(PROVIDED MATERIAL)
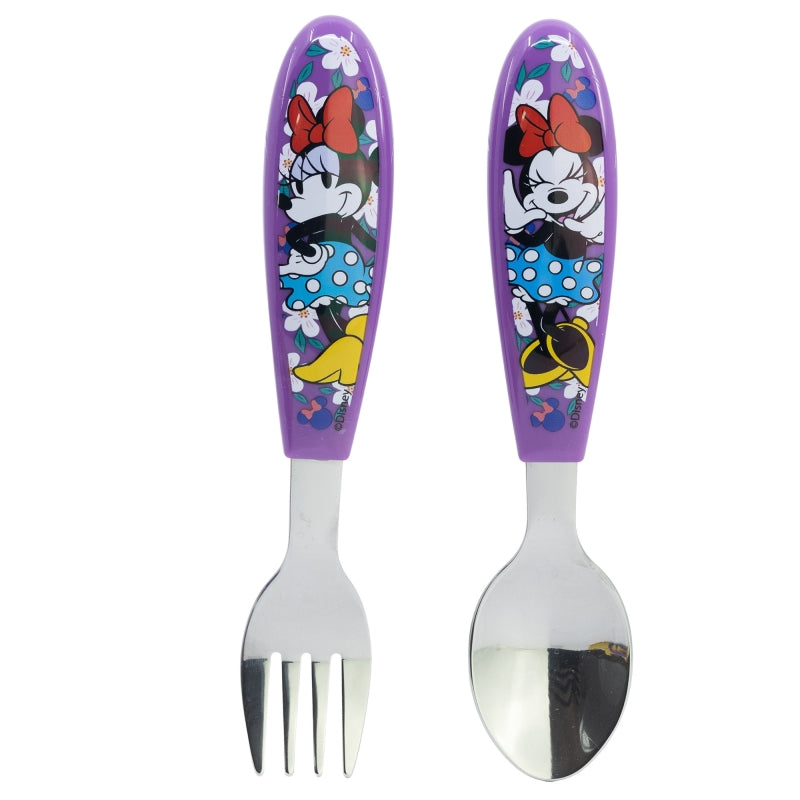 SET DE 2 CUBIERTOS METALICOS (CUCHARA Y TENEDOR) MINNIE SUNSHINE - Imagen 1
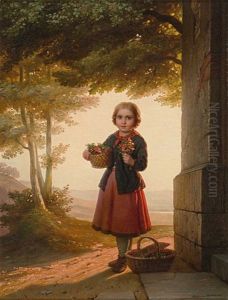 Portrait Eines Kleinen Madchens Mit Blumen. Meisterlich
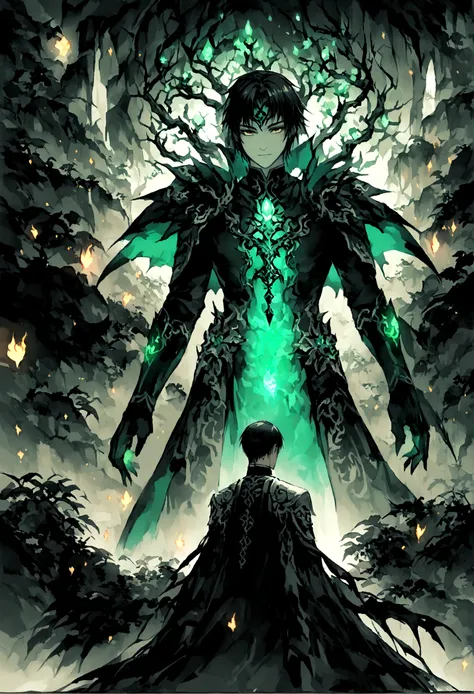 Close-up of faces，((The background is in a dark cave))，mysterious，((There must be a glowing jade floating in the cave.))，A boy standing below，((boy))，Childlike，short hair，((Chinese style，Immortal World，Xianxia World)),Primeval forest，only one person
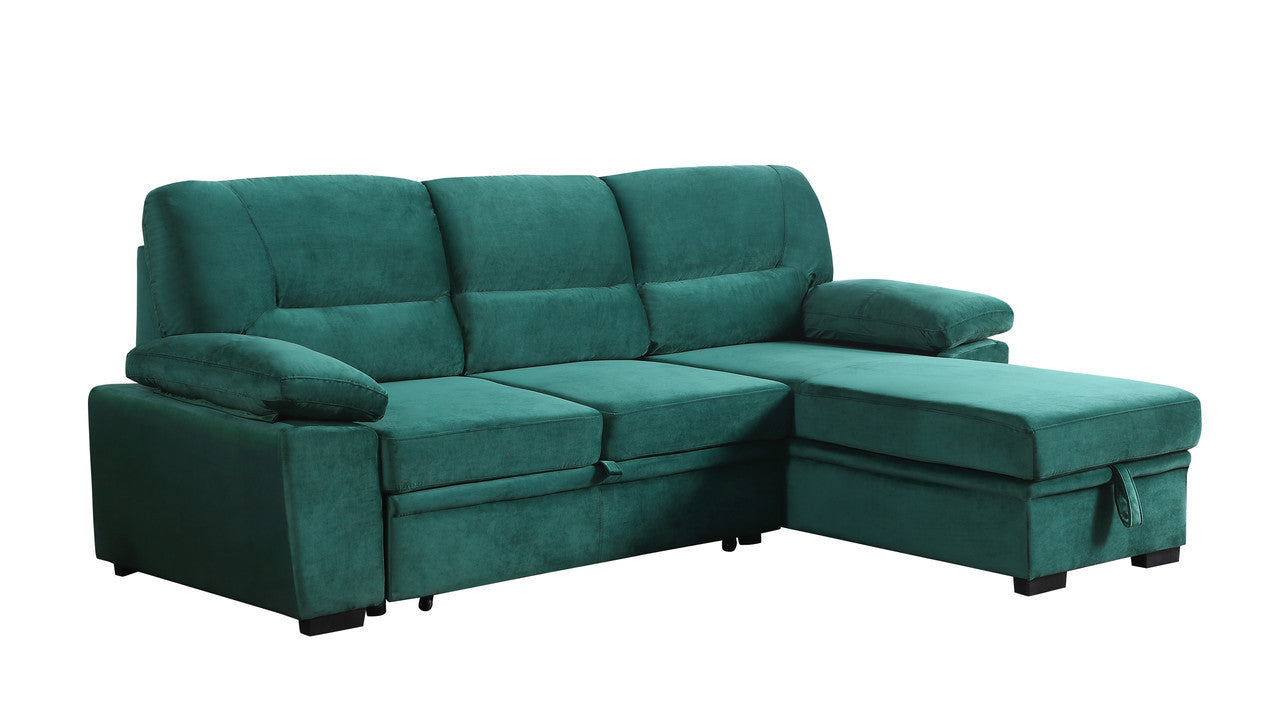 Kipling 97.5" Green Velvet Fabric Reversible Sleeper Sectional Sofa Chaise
(End PROVIDED MATERIAL)
* _TASK REQUIREMENTS_
Skipping all images, print the data above a second time exactly.

* _EXERCISE SOLUTION_
 SET DE 2 CUBIERTOS METALICOS (CUCHARA Y TENEDOR) MINNIE SUNSHINE - Imagen 1
 Portrait Eines Kleinen Madchens Mit Blumen. Meisterlich
 Close-up of faces，((The background is in a dark cave))，mysterious，((There must be a glowing jade floating in the cave.))，A boy standing below，((boy))，Childlike，short hair，((Chinese style，Immortal World，Xianxia World)),Primeval forest，only one person
 Kipling 97.5" Green Velvet Fabric Reversible Sleeper Sectional Sofa Chaise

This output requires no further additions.